Este foi o desabafo do Senhor Antunes quando me levou ontem ao Edifício onde vivem os boletins, as declarações e os impressos de letra pequenina e traiçoeira.
Na verdade, eu não sei se o taxista se chamava Senhor Antunes, mas aquele ar bonacheirão pediu-me que o baptizasse assim.

" - A senhora é a última passageira do meu ano. - disse o A.

- (eu, que ainda fico meio atordoada com o "senhora", e colada na papelada que tinha entre mãos para entregar numa qualquer Segurança Social da cidade, devo ter dado uma semi-resposta diplomática)

- (Num desprezo total pela minha preocupação com a papelada da Segurança Social) : `tá um frio do raio, não `tá?

- (achei impossível oferecer resistência àquele espontâneo "frio do raio"): É verdade. Olhe que comprava esta cidade por mais quente do que é na realidade.

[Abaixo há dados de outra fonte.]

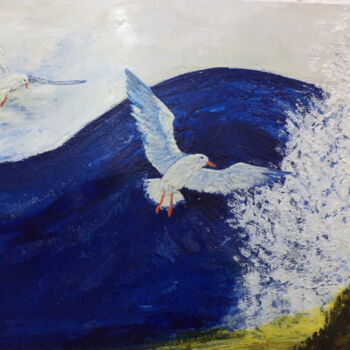 Peinture intitulée "flying-low.jpg" par Fareli, Œuvre d'art originale, Encaustique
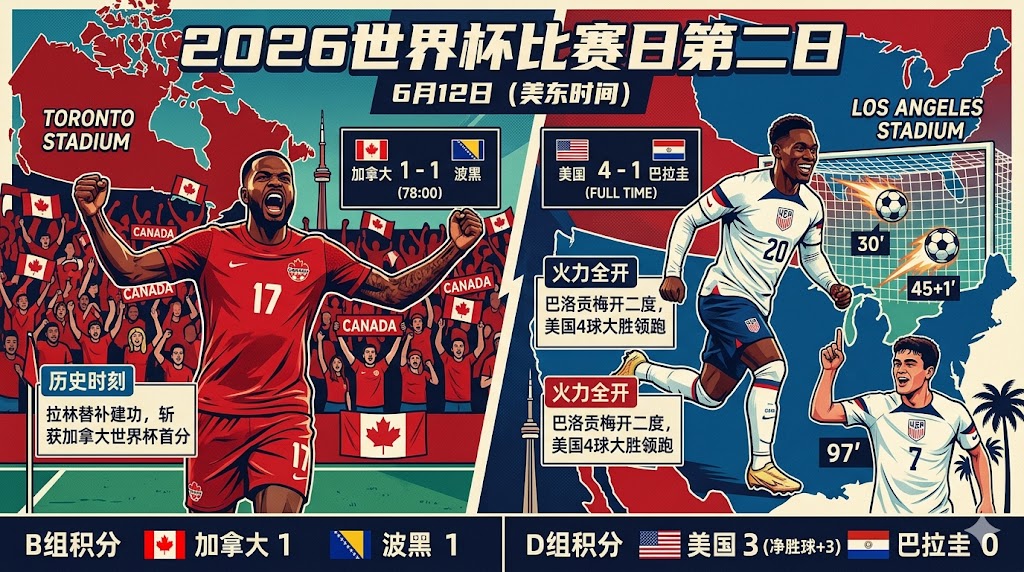 PPP体育6-13日讯:2026年北美世界杯的第二个比赛日中，两位东道主——加拿大与美国迎来了他们在本届世界杯上的首秀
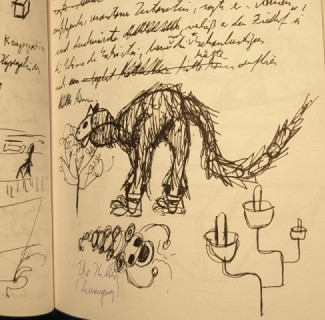 Doodle of an animal and a tree. Some handwritten text.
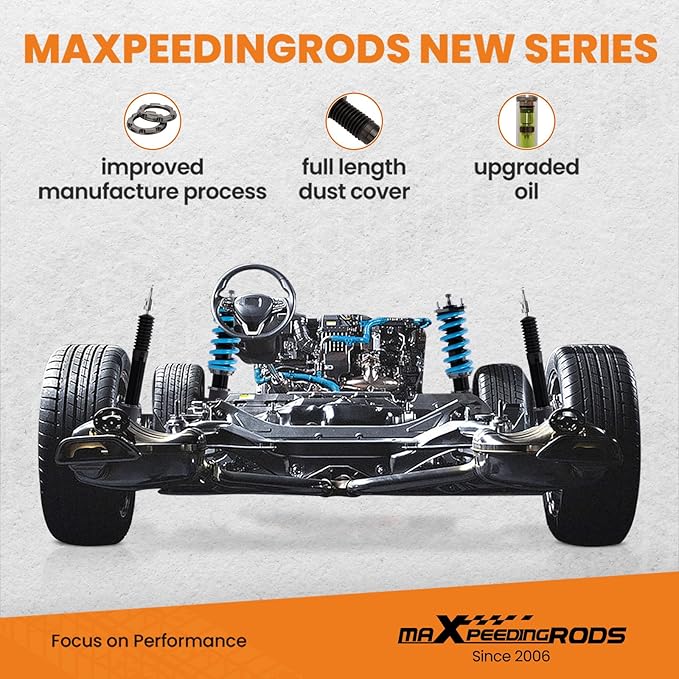 maXpeedingrods Coilovers for Tesla model 3 RWD 2017+, 24 Level Adjustable Damper Coil-overs Suspension Kit, Height Adjustable T6 Upgraded Lowering Kits, Blue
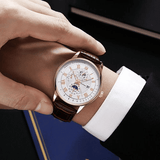 Men's Luxury Luminous Quartz Sport Watch Moon Phase Leather Strap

Note-se que eu estava literalmente a referir-me aos graus térmicos. A minha vontade de saltar por cima dos carros e aterrar directamente no destino, seguida da vontade de saltar as filas da Segurança Social , impedia-me de qualquer raciocínio metafórico que procurasse aludir à "falta de aconchego" da cidade Lisboeta. Eu não estava nem aí, Senhor Antunes.

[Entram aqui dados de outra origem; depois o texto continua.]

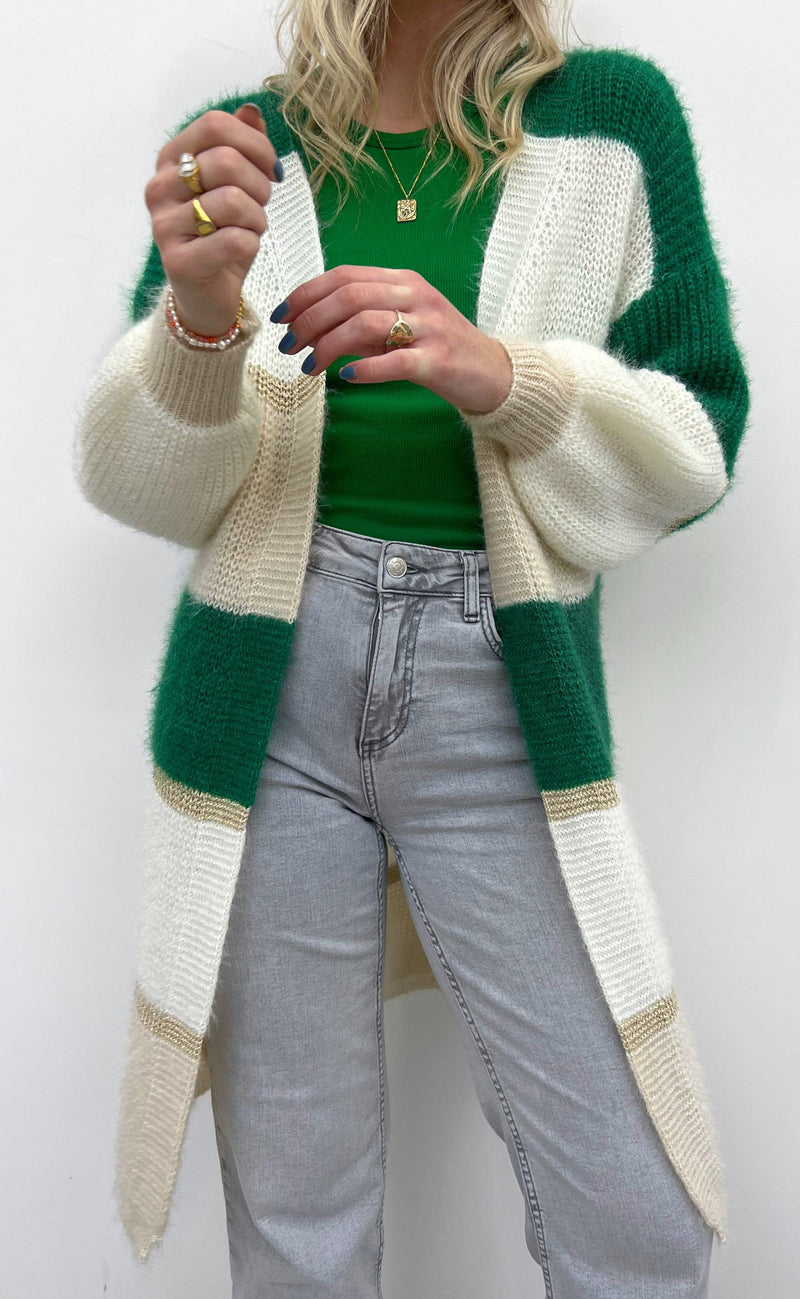 INA Copenhagen Cardigan - Merle - Green Stripes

Mas o taxista, habituado a ouvir dizer mal da hostilidade dos seus conterrâneos, achou que sim, que eu tinha acabado de lançar a bela da metáfora. Posto isto, começou a discursar com a volúpia que lhe era possível ter no trajecto congestionado de véspera de Natal que nos acompanhava até à Avenida da República.

Expirou a saudade da filha que estava na Suiça, e da família da Beira Alta.
Falou não sei quê da perda, da solidão da casa, da companhia do carro.
Da nostalgia de quando jogava futebol nas ruas do Bairro da Graça, que à data não eram atravessadas por eléctricos.
Da Lisboa que está cada vez mais bonita, só que é feita de gente que vai e vem e não deixa raízes, "daí o sentimento da falta de proximidade reinante, de que muitos turistas e emigrantes se queixam".
Da vontade de brincar com os netos sem lhes dar brinquedos.
Do aperto por saber que dois grandes amigos seus não se falam há mais de dez anos..."os amigos com que jogava "o futebol do Bairro da Graça". Um que é guarda redes, o outro que era avançado.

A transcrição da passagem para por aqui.